The issue was clearly related to RPC requests traversing the WAN and having issues somewhere along the path from source to destination. As a next step, I ran the “Validate a Configuration Wizard” for the DAG’s underlying Windows Failover Cluster and, sure enough, RPC errors were reported for queries that needed to cross the WAN to talk to cluster nodes not in the same data center as the node on which the wizard was run. At this point, it was time to install Wireshark and run packet captures on either side of the WAN while executing Exchange actions or the cluster validation wizard to determine what was happening to the traffic.

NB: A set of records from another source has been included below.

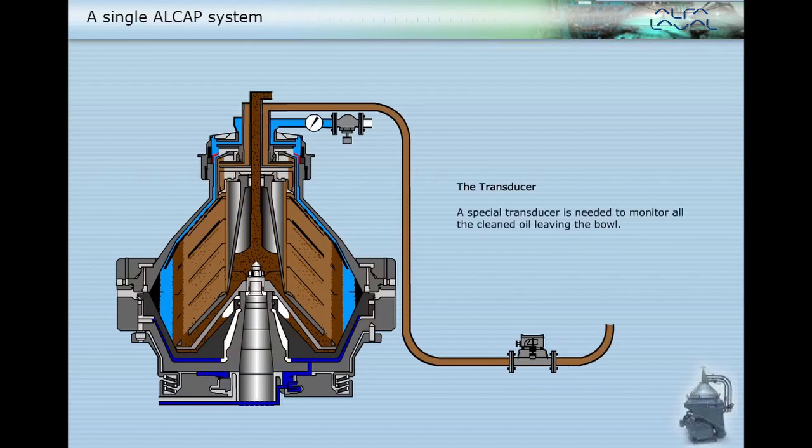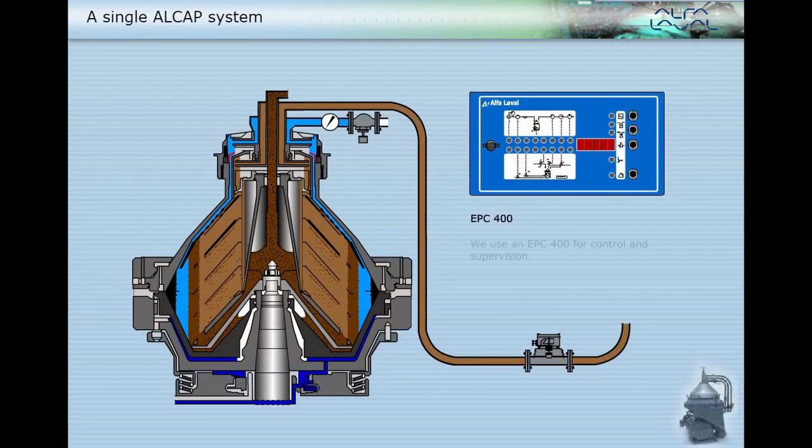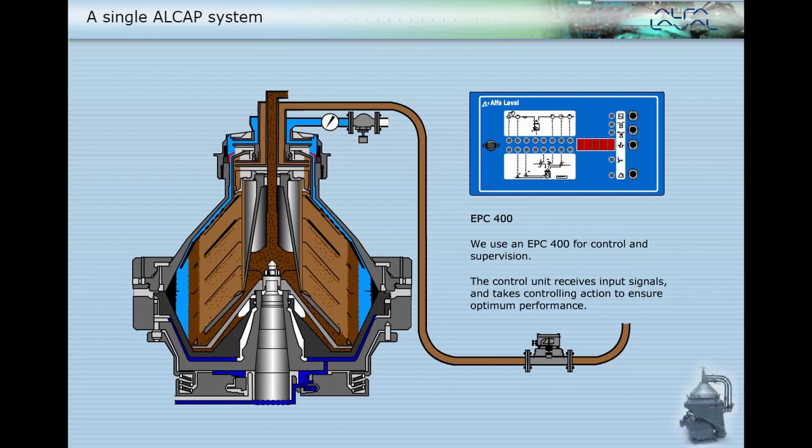A special transducer is needed to monitor all the cleaned oil leaving the bowl. It checks for changes in the water content in the cleaned oil so that appropriate action can be taken. We use an EPC-400 for control and supervision. The control unit receives input signals and takes controlling action to ensure optimum performance.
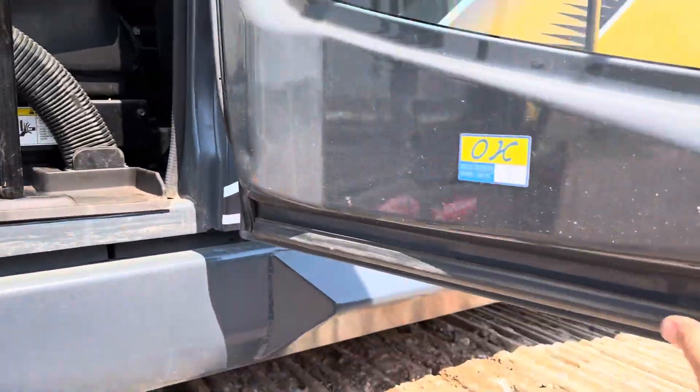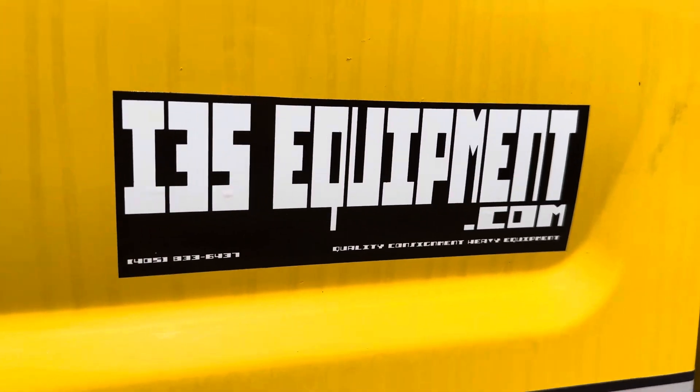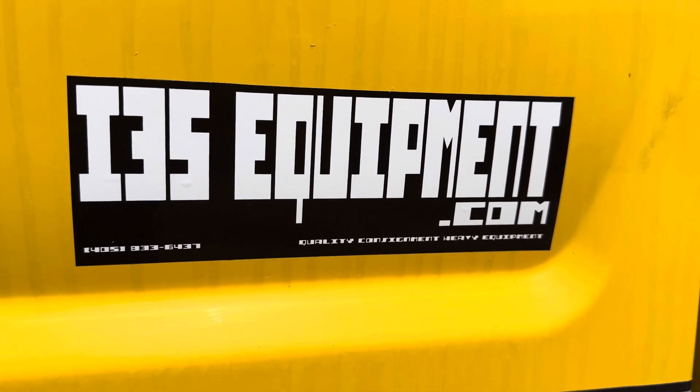Hope that video has been helpful to you. As always, you can see your full and up-to-date inventory of consignment equipment online at www.i35equipment.com. Thanks for watching — I hope you have a wonderful day.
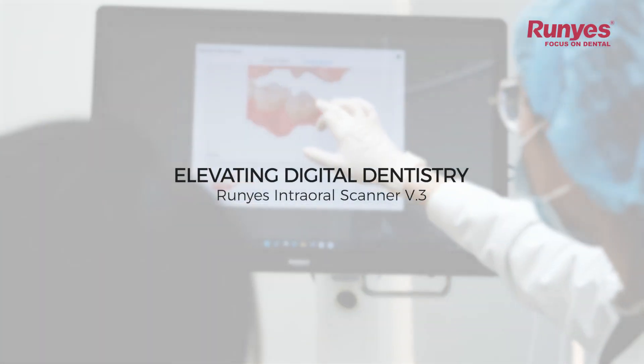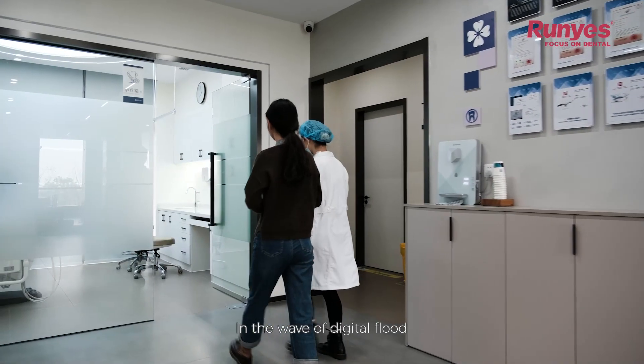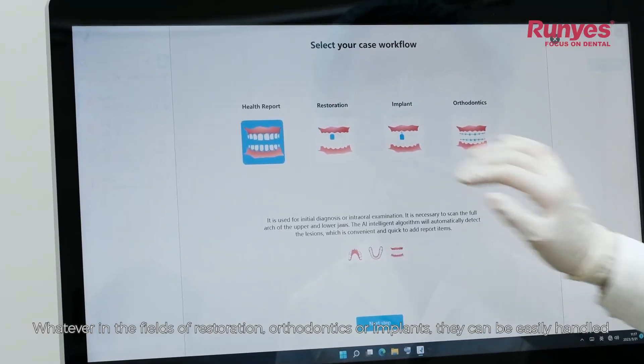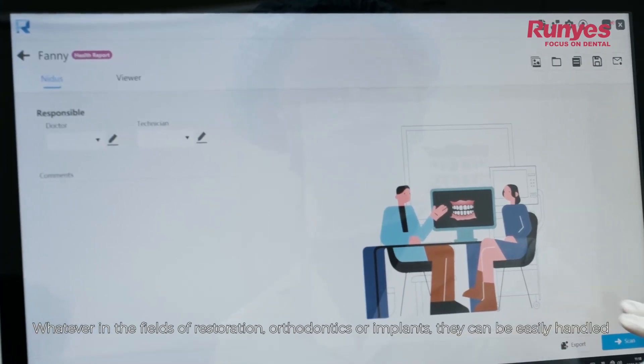Elevating digital dentistry — Runyes Intraoral Scanner V3. In the wave of digital dentistry, if you are looking for a more modern and efficient oral treatment product, whether in the fields of restoration, orthodontics, or implants, they can be easily handled.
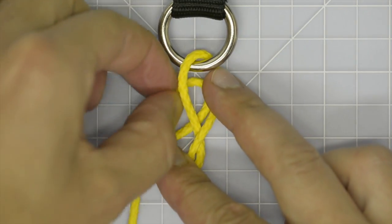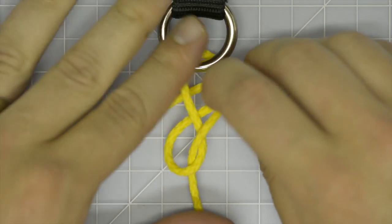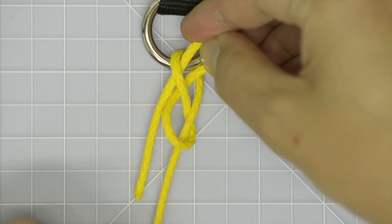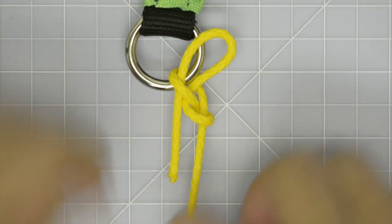Run a bight from the working end of line back through the top loop. Dress and set the knot.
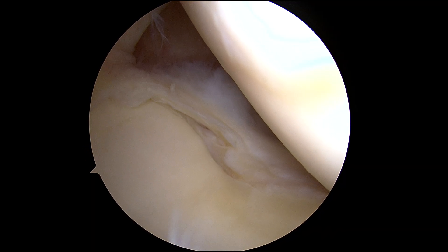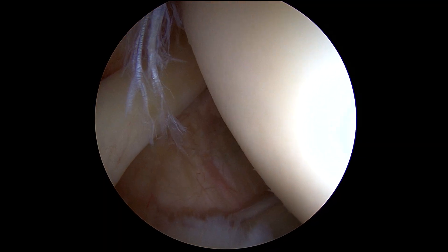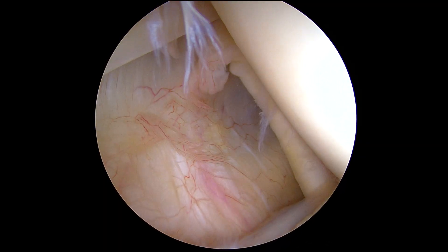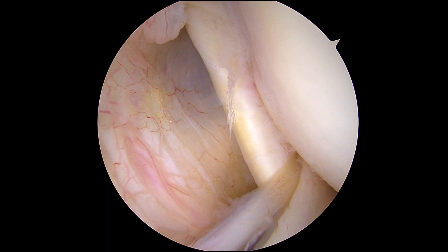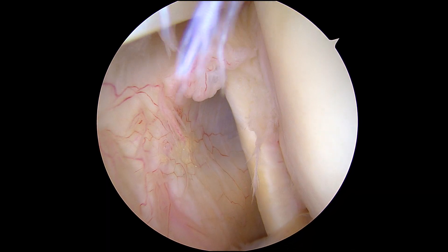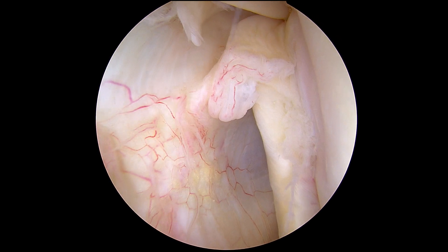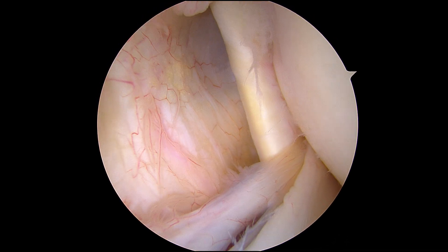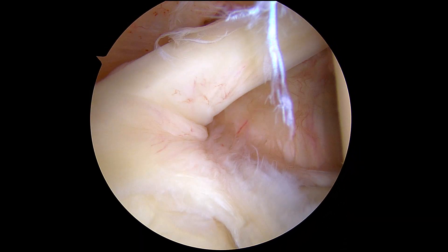If we move anteriorly into this little triangle here, you can see the subscapularis tendon, which is the rotator cuff tendon in the front of the shoulder. That looks okay to me — there's a little bit of fraying superiorly of the subscap, but overall that looks okay.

Upon review of the packet captures, it was revealed that packets were being sent between DAG/cluster members that were larger than a standard 1500 byte packet and those packets were being fragmented in transit from source to destination. Disabling various large TCP offload functionality of the NIC driver in use within the DAG/cluster members (vmxnet3 Ehternet Adapter) helped to bring the packet size down to 1500 bytes but the problems still occurred. Running ping tests between the two data centers (ping -f -l <packet_size> hostname) revealed that the largest packet succeeding across the WAN was 1468 bytes. Once the MTU of the NIC was reduced to match this value (via NETSH), everything began working perfectly. The “Validate a Configuration Wizard” for the cluster completed without any unexpected warnings and all Exchange-related functionality was restored.
While disabling various functionality on the NIC and reducing the NIC’s MTU worked to solve the problem, it was certainly not ideal nor a long term solution for this environment. Ultimately, determining where the issue lied in the WAN environment was key to identify how to resolve this issue without requiring non-standard configurations on various servers in the environment. In working with the client’s networking team, it was understood that their particular WAN connectivity provided a Layer 2 Ethernet hand-off to each data center such that no router was in place on either side. This explained why larger MTU packets were traversing the WAN and being fragmented in the process. Coordination between the WAN provider and the remote data center’s networking team was required to determine where in the network path a device was unable to handle even a standard 1500 byte packet properly.
Ultimately, there were a few options for remediation at this client in the form of either obtaining jumbo frames support across their Layer 2 WAN or placing routers on either side of the WAN. Both of these options would remove the requirement for non-standard configurations on the actual servers while still resolving the issue of communications between the data centers.